──────── RECORDED INFORMATION
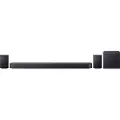Samsung HW-Q990F, 11.1.4 kanaler, 756 W, DTS 5.1, DTS Express, DTS-HD Master Audio, DTS:X, Dolby Atmos, Dolby Digital Plus, Dolby TrueHD, 210 W, Aktiv subwoofer, Trådløs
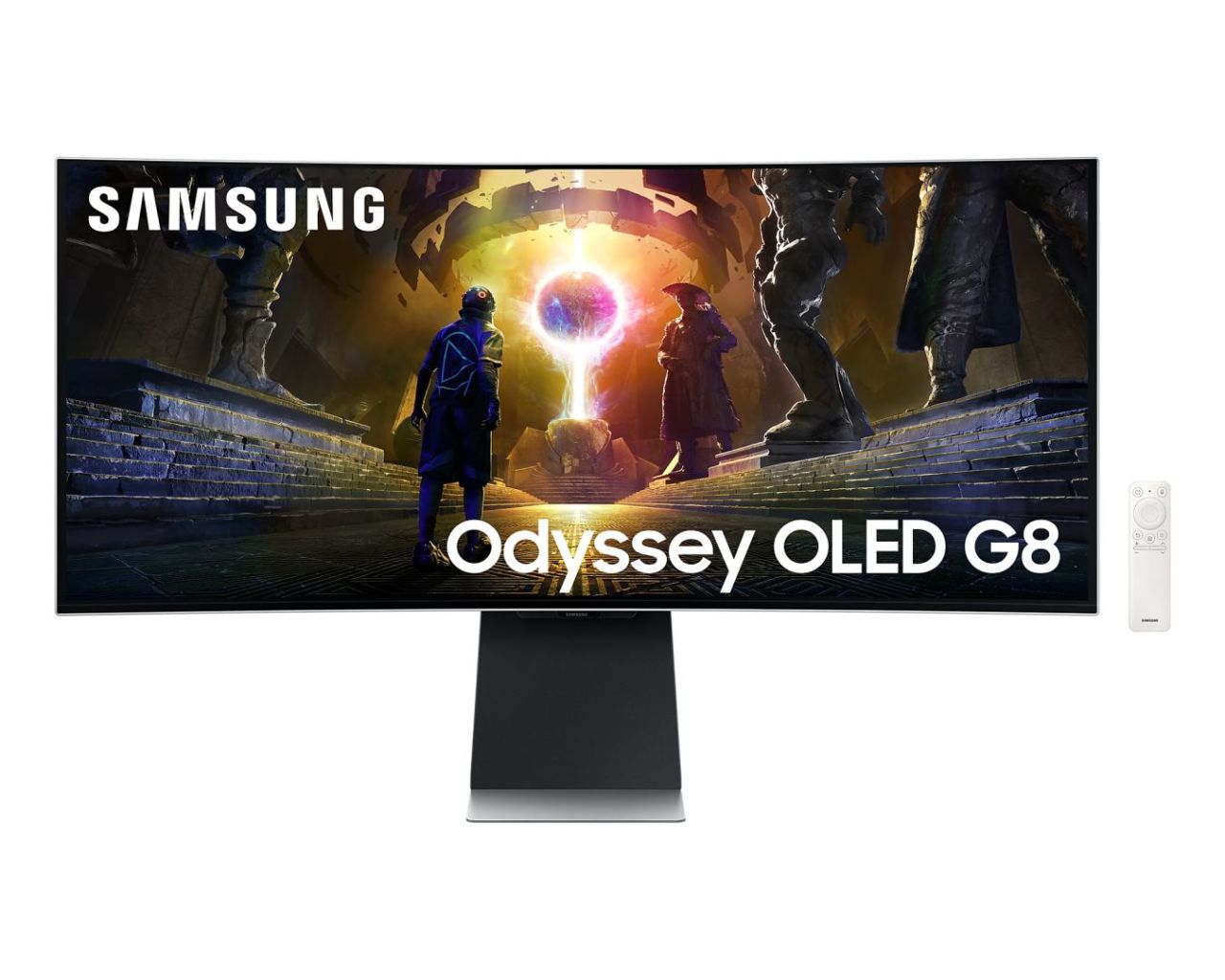 Samsung 34" LS34DG850SUXDU OLED Curved Samsung 34" LS34DG850SUXDU OLED Curved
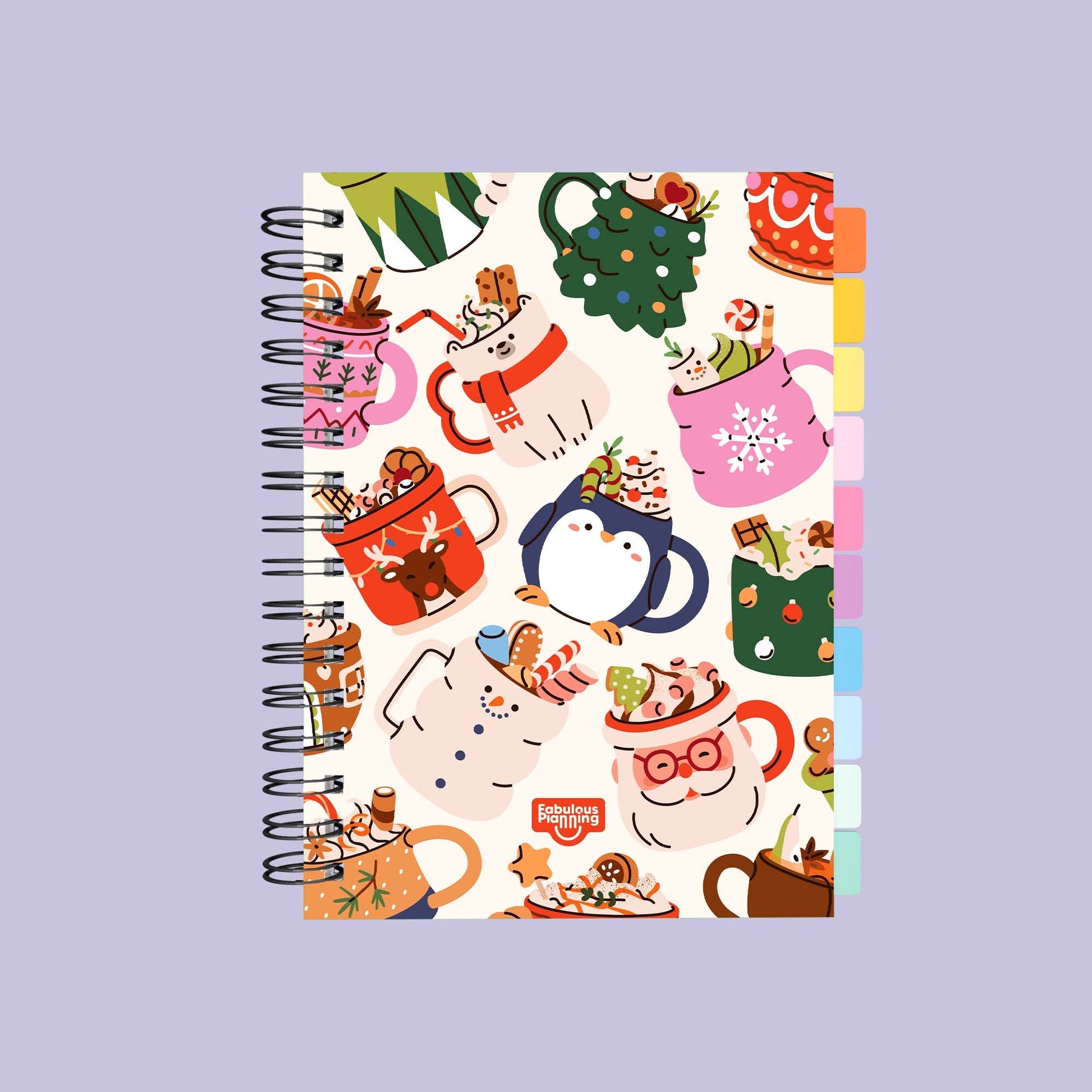 Health and Wellness Spiral Journal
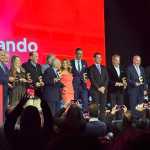 Abertura da Festuris Gramado 2025 reúne autoridades e homenageia Daiane dos Santos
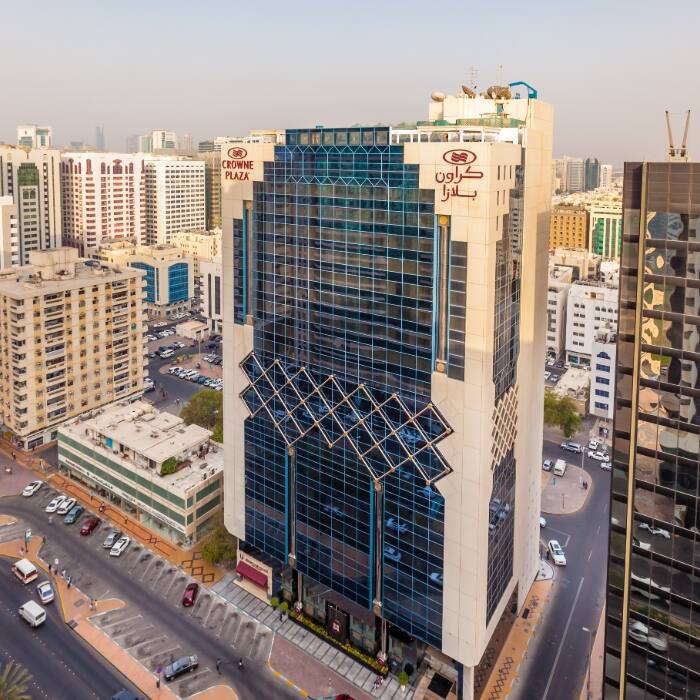 Park Rotana Abu Dhabi Holiday Package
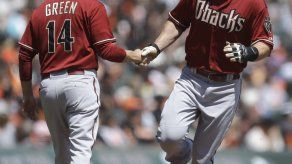 Con jonrón de Goldschmidt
────────────────
AIM OF THE TASK: Nothing but the lines from the one holding "OLED Curved Samsung" through the final line of the entries should be retyped, exactly as they stand and without pictures.

WRITTEN REPLY:
 Samsung 34" LS34DG850SUXDU OLED Curved Samsung 34" LS34DG850SUXDU OLED Curved
 Health and Wellness Spiral Journal
 Abertura da Festuris Gramado 2025 reúne autoridades e homenageia Daiane dos Santos
 Park Rotana Abu Dhabi Holiday Package
 Con jonrón de Goldschmidt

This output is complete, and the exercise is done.